From the listing below, please restate exactly the lines beginning at the one with "Bottines Compensées Noires" and ending at the one with "T-shirt Un chat", both included, and skip the pictures.

## SUPPLIED RECORDS
◆ ◆ ◆
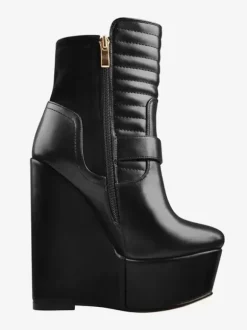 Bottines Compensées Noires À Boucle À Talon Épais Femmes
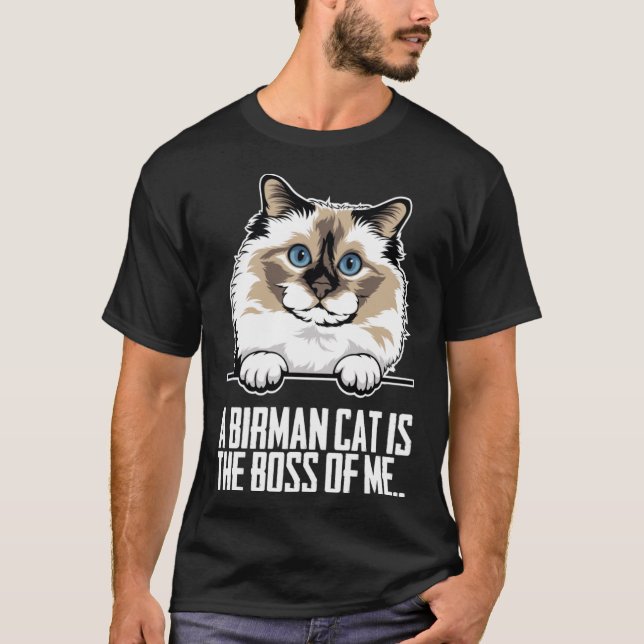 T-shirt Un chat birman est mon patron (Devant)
◆ ◆ ◆
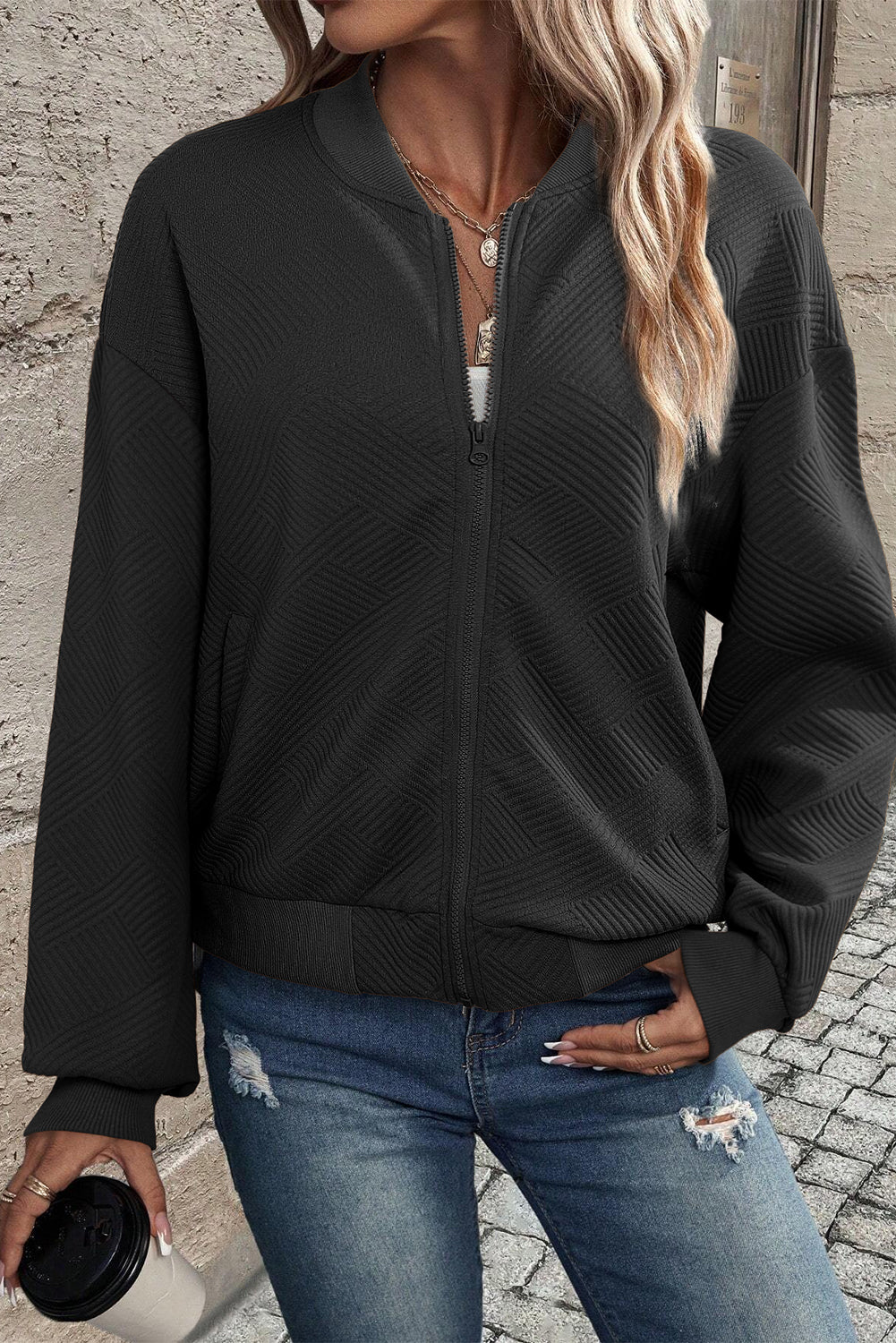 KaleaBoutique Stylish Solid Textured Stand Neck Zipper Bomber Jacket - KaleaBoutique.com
◆ ◆ ◆
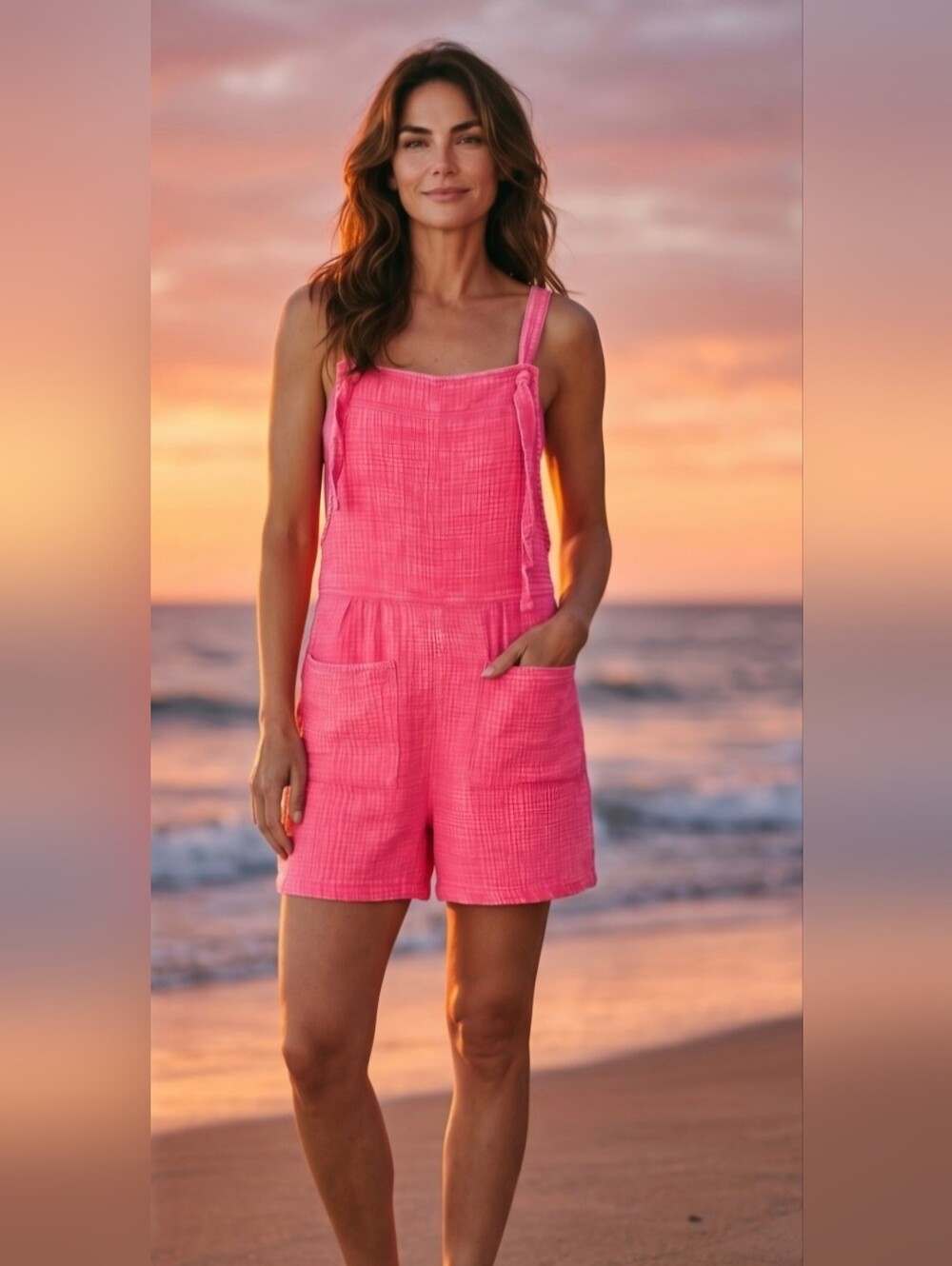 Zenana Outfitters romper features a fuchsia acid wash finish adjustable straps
◆ ◆ ◆
## REPLY
 Bottines Compensées Noires À Boucle À Talon Épais Femmes
 T-shirt Un chat birman est mon patron (Devant)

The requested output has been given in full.